[JBoss JIRA] (ISPN-5151) DistributedSharedCacheTwoNodesMapReduceTest.testInvokeMapReduceOnAllKeys random failures
by Tristan Tarrant (JIRA)
[ https://issues.jboss.org/browse/ISPN-5151?page=com.atlassian.jira.plugin.... ]
Tristan Tarrant updated ISPN-5151:
Fix Version/s: 9.1.0.Final
(was: 9.0.0.Final)
> DistributedSharedCacheTwoNodesMapReduceTest.testInvokeMapReduceOnAllKeys random failures
> ----------------------------------------------------------------------------------------
> Key: ISPN-5151
> URL: https://issues.jboss.org/browse/ISPN-5151
> Project: Infinispan
> Issue Type: Bug
> Components: Core, Test Suite - Core
> Affects Versions: 7.0.3.Final
> Reporter: Dan Berindei
> Assignee: Dan Berindei
> Priority: Blocker
> Labels: testsuite_stability
> Fix For: 9.1.0.Final
> The method {{invokeMapReduce()}} doesn't really invoke the M/R task, it only creates it, and the execution only starts when the test method calls {{task.execute()}} explicitly. It shouldn't try to check the contents of the shared intermediary cache, because the intermediary cache may not exist yet - and it may accidentally create it with the wrong configuration. I get this error when I run only the {{testInvokeMapReduceOnAllKeys}} method:
> {noformat}
> 09:55:37,632 TRACE (testng-DistributedSharedCacheTwoNodesMapReduceTest:) [DefaultCacheManager] About to wire and start cache __tmpMapReduce
> 09:55:37,646 DEBUG (testng-DistributedSharedCacheTwoNodesMapReduceTest:) [MapReduceTask] Invoking CreateCacheCommand{cacheManager=null, cacheNameToCreate='__tmpMapReduce', cacheConfigurationName='__tmpMapReduce', start=true', size=2} across members [DistributedSharedCacheTwoNodesMapReduceTest-NodeA-19271, DistributedSharedCacheTwoNodesMapReduceTest-NodeB-10341]
> 10:32:56,324 ERROR (testng-DistributedSharedCacheTwoNodesMapReduceTest:) [UnitTestTestNGListener] Test testInvokeMapReduceOnAllKeys(org.infinispan.distexec.mapreduce.DistributedSharedCacheTwoNodesMapReduceTest) failed.
> org.infinispan.distexec.mapreduce.MapReduceException: Map phase failed
> at org.infinispan.distexec.mapreduce.MapReduceTask.executeMapPhase(MapReduceTask.java:607)

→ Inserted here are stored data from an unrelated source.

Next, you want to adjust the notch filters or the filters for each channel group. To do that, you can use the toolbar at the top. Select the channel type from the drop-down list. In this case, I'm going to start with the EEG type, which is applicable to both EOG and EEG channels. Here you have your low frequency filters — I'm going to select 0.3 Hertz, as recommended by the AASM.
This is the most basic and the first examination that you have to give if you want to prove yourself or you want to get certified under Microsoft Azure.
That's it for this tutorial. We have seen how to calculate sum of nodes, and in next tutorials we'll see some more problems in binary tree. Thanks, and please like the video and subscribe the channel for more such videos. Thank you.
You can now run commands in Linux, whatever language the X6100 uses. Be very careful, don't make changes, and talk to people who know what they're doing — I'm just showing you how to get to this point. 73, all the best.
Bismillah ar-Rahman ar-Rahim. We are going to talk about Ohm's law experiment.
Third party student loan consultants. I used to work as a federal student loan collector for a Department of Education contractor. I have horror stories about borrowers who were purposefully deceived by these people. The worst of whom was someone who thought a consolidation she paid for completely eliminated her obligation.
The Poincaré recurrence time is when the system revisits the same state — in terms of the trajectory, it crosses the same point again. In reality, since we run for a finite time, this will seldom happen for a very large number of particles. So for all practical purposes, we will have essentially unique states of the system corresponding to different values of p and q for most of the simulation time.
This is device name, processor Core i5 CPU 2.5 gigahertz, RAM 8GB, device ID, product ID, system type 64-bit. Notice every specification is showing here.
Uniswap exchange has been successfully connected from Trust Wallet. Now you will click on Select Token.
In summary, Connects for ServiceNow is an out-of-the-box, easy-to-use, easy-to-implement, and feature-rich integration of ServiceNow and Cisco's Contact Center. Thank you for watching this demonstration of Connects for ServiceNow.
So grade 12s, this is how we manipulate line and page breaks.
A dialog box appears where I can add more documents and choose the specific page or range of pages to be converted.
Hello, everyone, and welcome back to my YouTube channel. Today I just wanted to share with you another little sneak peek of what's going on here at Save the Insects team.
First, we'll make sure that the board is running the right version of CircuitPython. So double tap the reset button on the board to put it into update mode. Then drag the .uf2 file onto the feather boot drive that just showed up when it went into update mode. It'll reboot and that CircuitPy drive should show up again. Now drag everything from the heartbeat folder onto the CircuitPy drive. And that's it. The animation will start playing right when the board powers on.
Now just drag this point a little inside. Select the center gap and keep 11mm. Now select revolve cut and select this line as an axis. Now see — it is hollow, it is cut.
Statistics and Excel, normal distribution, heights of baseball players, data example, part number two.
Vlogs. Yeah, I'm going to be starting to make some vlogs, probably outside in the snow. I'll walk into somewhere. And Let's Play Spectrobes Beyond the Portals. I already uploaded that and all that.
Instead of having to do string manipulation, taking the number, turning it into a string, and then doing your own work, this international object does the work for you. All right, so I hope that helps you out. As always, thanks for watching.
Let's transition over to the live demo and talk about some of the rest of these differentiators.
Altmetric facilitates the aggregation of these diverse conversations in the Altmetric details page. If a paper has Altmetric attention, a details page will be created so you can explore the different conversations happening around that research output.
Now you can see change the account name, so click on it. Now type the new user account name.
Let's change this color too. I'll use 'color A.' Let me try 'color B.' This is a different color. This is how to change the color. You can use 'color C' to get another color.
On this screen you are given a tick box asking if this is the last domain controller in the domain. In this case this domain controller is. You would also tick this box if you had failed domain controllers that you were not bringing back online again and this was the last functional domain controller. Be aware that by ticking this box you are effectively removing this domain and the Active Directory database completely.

> at org.infinispan.distexec.mapreduce.MapReduceTask.executeHelper(MapReduceTask.java:473)
> at org.infinispan.distexec.mapreduce.MapReduceTask.execute(MapReduceTask.java:414)
> at org.infinispan.distexec.mapreduce.BaseWordCountMapReduceTest.testInvokeMapReduceOnAllKeys(BaseWordCountMapReduceTest.java:162)
> Caused by: org.infinispan.commons.CacheException: java.lang.NullPointerException
> at org.infinispan.distexec.mapreduce.MapReduceManagerImpl.mapAndCombineForDistributedReduction(MapReduceManagerImpl.java:105)
> at org.infinispan.distexec.mapreduce.MapReduceTask$MapTaskPart.invokeMapCombineLocally(MapReduceTask.java:1174)
> at org.infinispan.distexec.mapreduce.MapReduceTask$MapTaskPart.access$300(MapReduceTask.java:1101)
> at org.infinispan.distexec.mapreduce.MapReduceTask$MapTaskPart$1.call(MapReduceTask.java:1123)
> at org.infinispan.distexec.mapreduce.MapReduceTask$MapTaskPart$1.call(MapReduceTask.java:1119)
> at java.util.concurrent.FutureTask.run(FutureTask.java:262)
> at java.util.concurrent.Executors$RunnableAdapter.call(Executors.java:471)
> at java.util.concurrent.FutureTask.run(FutureTask.java:262)
> at java.util.concurrent.ThreadPoolExecutor.runWorker(ThreadPoolExecutor.java:1145)
> at java.util.concurrent.ThreadPoolExecutor$Worker.run(ThreadPoolExecutor.java:615)
> at java.lang.Thread.run(Thread.java:745)
> Caused by: java.lang.NullPointerException
> at org.infinispan.distexec.mapreduce.MapReduceManagerImpl.mapKeysToNodes(MapReduceManagerImpl.java:363)
> at org.infinispan.distexec.mapreduce.MapReduceManagerImpl.migrateIntermediateKeysAndValues(MapReduceManagerImpl.java:327)
> at org.infinispan.distexec.mapreduce.MapReduceManagerImpl.mapAndCombine(MapReduceManagerImpl.java:260)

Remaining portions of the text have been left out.